Die Fake-Meldung wurde anschließend u.a. über Facebook verbreitet und tauchte vor Wochenfrist unvermittelt in einer Dokumentation des NDR (ndr.de) über das Städtchen Boizenburg in Mecklenburg-Vorpommern auf. Darin berichten drei Jugendliche von Gerüchten über vergewaltigende Asylbewerber, die in Boizenburg die Runde machen. Und eine der Jugendlichen erzählt: »Eine Fünfjährige wurde gegessen. Lebendig! Vom Flüchtling! Stand auf Facebook!«

Dass nicht allen Empfängern immer klar ist, dass es sich bei den Texten des Postillon um Satire handelt, ist nicht ungewöhnlich; mehrfach fielen bereits auch Journalisten auf die Fake-News herein. Das kurze Interview mit den Boizenburger Jugendlichen aus der insgesamt etwa halbstündigen Dokumentation machte in den vergangenen Tagen jedoch eine unrühmliche Karriere. Laut meedia.de erschien im Blog buntesamt.blogspot.de am 12. Dezember eine knapp 30 Sekunden lange Sequenz, die sich rasch in den sozialen Netzwerken verbreitete. Der Videoschnipsel bricht aber vor dem Hinweis der drei Jugendlichen ab, dass sie die Geschichte mit dem kleine Mädchen fressenden Flüchtlingen von Facebook haben. Es fehlt zudem ein Ausschnitt in der durchaus differenziert berichtenden Doku, in dem zu sehen ist, wie sich eine der Jugendlichen mit Flüchtlingen unterhält und dabei sogar einige Worte auf Arabisch sagt.

Doch selbst dann, wenn die Drei von der Wahrhaftigkeit der Gerüchte überzeugt sein sollten, ist der Fall nicht so eindeutig, wie er den meisten Facebook-Nutzern erscheint. In dem sozialen Netzwerk äußerte sich eine Nutzerin, die angibt, eines der beiden Mädchen bei einem Praktikum betreut zu haben.

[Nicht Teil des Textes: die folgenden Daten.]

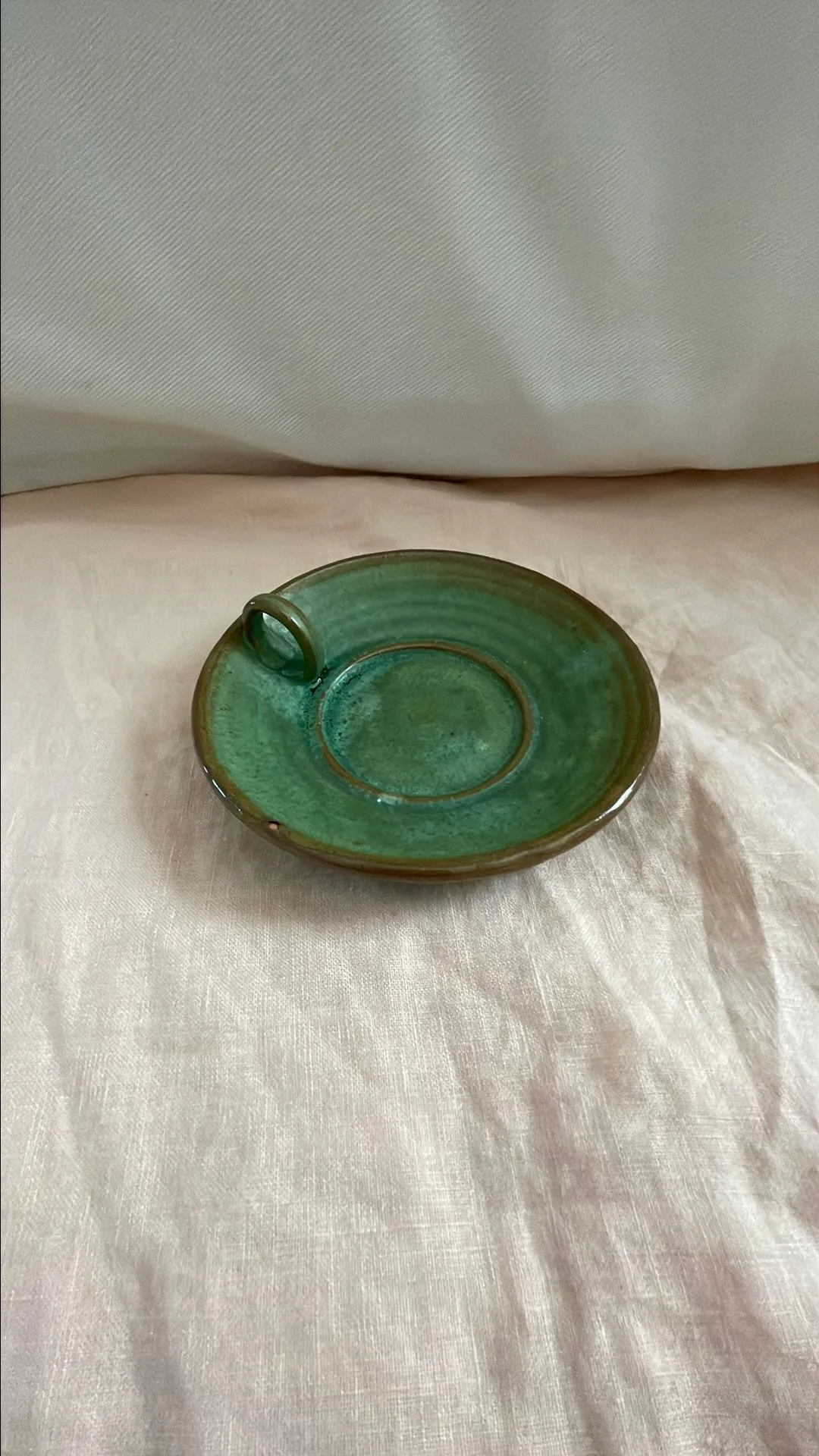 Product image for Green red ware pottery dish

Die Jugendlichen seien ehemalige Förderschüler, weshalb sie es als »grenzwertig« empfinde, »sie vor eine Kamera zu stellen und sie lächerlich machen zu lassen«, kritisiert die Frau auf der Facebook-Seite des NDR. Und sie ergänzt: »Natürlich glauben sie dem Artikel des Postillon und anderen FB-Postings, aber nicht, weil sie keine Satire verstehen, sondern weil ihnen allgemein das Verständnis dafür fehlt«.

Auf buntesamt.blogspot.de ist das Video nach wie vor zu sehen, seit einigen Tagen jedoch in der verlängerten Version.